What we have found is that private insurers are confronting rapid growth in use of the services and concerns such as the following: 

  •  proliferation of imaging equipment;
  •  lack of familiarity with new imaging modalities among non-specialist physicians; 
  •  self-referral, including ordering of imaging studies by physicians who furnish the studies with equipment in their offices; 
  •  direct-to-consumer marketing of imaging services and associated questions about the need for demand management; 
  •  defensive medicine in response to physician concerns about professional liability; 
  •  repetition of imaging studies; and 
  •  poor quality of imaging equipment in some settings. In adopting their purchasing strategies, private insurers are working to control growth in the cost and utilization of imaging services while ensuring access to appropriate care.

The strategies they are adopting are multiple, depending on the insurer they can include profiling, pre-authorization, beneficiary education, privileging, coding edits, and safety standards and site inspections. One study, based on site inspections, showed facilities failing at rates approaching 50 percent, depending on the type of practitioner offering the services. Reasons for the failures included age of the equipment and use of the incorrect equipment for the types of imaging studies conducted. Coding edits are rules invoked during claims processing to decide whether and how much to pay for billed services. Medicare has a set of these edits, developed under what is known as the Correct Coding Initiative. Private insurers often use Medicare's edits but then augment them with other edits to, for example, adjust payment downward when multiple services are billed on a single claim.

Whether Medicare should do more to emulate private insurers' strategies for purchasing imaging depends on the administrative feasibility of more closely aligning Medicare policy with the strategies of private insurers. It also depends on the effectiveness of those strategies for making the purchasing of imaging services more efficient. MedPAC plans to address these issues during the coming year.

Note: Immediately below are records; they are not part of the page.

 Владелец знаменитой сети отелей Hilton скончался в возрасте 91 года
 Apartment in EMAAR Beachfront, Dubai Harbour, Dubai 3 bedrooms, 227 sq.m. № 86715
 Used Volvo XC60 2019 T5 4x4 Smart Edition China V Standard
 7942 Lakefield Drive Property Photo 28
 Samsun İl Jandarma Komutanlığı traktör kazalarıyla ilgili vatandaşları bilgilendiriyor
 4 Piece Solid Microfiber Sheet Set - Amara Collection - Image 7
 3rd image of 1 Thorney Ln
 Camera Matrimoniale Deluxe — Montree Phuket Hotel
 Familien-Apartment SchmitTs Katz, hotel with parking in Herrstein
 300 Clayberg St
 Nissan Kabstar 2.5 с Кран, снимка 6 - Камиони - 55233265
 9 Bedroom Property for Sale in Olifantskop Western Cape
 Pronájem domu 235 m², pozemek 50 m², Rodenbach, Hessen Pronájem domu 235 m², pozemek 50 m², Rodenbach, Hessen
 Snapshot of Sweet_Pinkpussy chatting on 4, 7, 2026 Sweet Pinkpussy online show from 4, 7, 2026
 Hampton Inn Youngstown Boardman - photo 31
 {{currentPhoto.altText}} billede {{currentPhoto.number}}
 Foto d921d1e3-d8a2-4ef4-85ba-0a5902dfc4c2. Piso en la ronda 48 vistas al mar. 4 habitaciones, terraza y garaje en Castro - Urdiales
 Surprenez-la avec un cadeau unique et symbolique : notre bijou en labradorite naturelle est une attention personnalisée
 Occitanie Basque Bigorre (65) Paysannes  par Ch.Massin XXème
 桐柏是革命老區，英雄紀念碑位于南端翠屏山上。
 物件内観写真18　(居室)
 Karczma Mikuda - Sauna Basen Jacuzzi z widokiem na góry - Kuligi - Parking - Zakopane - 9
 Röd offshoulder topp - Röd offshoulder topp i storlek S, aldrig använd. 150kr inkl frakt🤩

Our other focus is on linking Medicare payment to quality to improve quality in fee-for-service Medicare and in care for Medicare beneficiaries furnished by private plans. In our March 2004 report we recommended two sectors where the Congress can act nowCrewarding quality care in outpatient dialysis and Medicare Advantage. Those two areas have the requisite measuring systems in place to begin to pay for quality. We encourage a payment-for-quality approach that is budget neutral, rewards both improvement and attainment, and varies quality measures over time.

As discussed, higher volume does not correlate with higher quality. Thus, it may be possible to increase the quality of the care beneficiaries receive and at the same time provide incentives to control the volume of services. Expanding payment for quality to the physician sector, where payment is still by the individual services provided, will be a challenge. But it is a challenge that must be met to ensure high quality care for Medicare beneficiaries within a sustainable Medicare program.